Grosz has been a member of the Harvard faculty since 1986, first as Gordon McKay Professor of Computer Science and currently (since 2001) as Higgins Professor of Natural Sciences. She is widely known for her contributions to artificial intelligence, especially in the areas of natural-language processing and multi-agent systems. She developed some of the earliest computer dialogue systems, and established the research field of computational modeling of discourse. Her research on models of collaboration has provided the framework for several collaborative multi-agent systems and human- computer interface systems.

Grosz has played an active role in a variety of institutional domains in addition to her own scholarship and teaching. She is a past member of the Faculty Council of the Faculty of Arts and Sciences, as well as a current member of the Harvard University Science and Engineering Committee (HUSEC) and the University’s Council of Deans. She also served for 11 years on the FAS Standing Committee on Athletic Sports.

A leader in efforts to increase the participation of women in science, Grosz in 2005 chaired Harvard’s Task Force on Women in Science and Engineering, which analyzed and recommended ways to build and sustain the pipeline of women pursuing academic careers in science, from undergraduate studies to graduate and postdoctoral work to advancement through faculty ranks. Previously, she chaired the FAS Standing Committee on the Status of Women when it issued its 1991 report on women in the sciences at Harvard, which included recommendations for improving the recruitment and retention of women scientists at the University.

Grosz is an elected member of the National Academy of Engineering, the American Philosophical Society, and the American Academy of Arts and Sciences, and a fellow of the Association for the Advancement of Artificial Intelligence (AAAI), the Association for Computing Machinery, and the American Association for the Advancement of Science. In 1993, she became the first woman to serve as president of the AAAI. She serves on the executive committee and is a former trustee of the International Joint Conferences on Artificial Intelligence.

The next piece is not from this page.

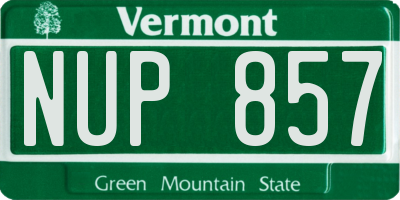 VT license plate NUP857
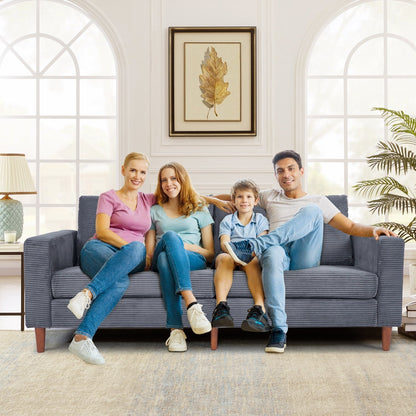 82.68 in. L Corduroy Mid-Century Modern Rectangle 2-Seater Loveseat with Square Arm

Before joining the Harvard faculty, Grosz was a senior staff scientist and director of the Natural Language and Representation Program in the AI Center at SRI International and was co-founder of the Center for the Study of Language and Information at Stanford University. She received a bachelor’s degree in mathematics from Cornell University and master’s and doctoral degrees in computer science from the University of California, Berkeley.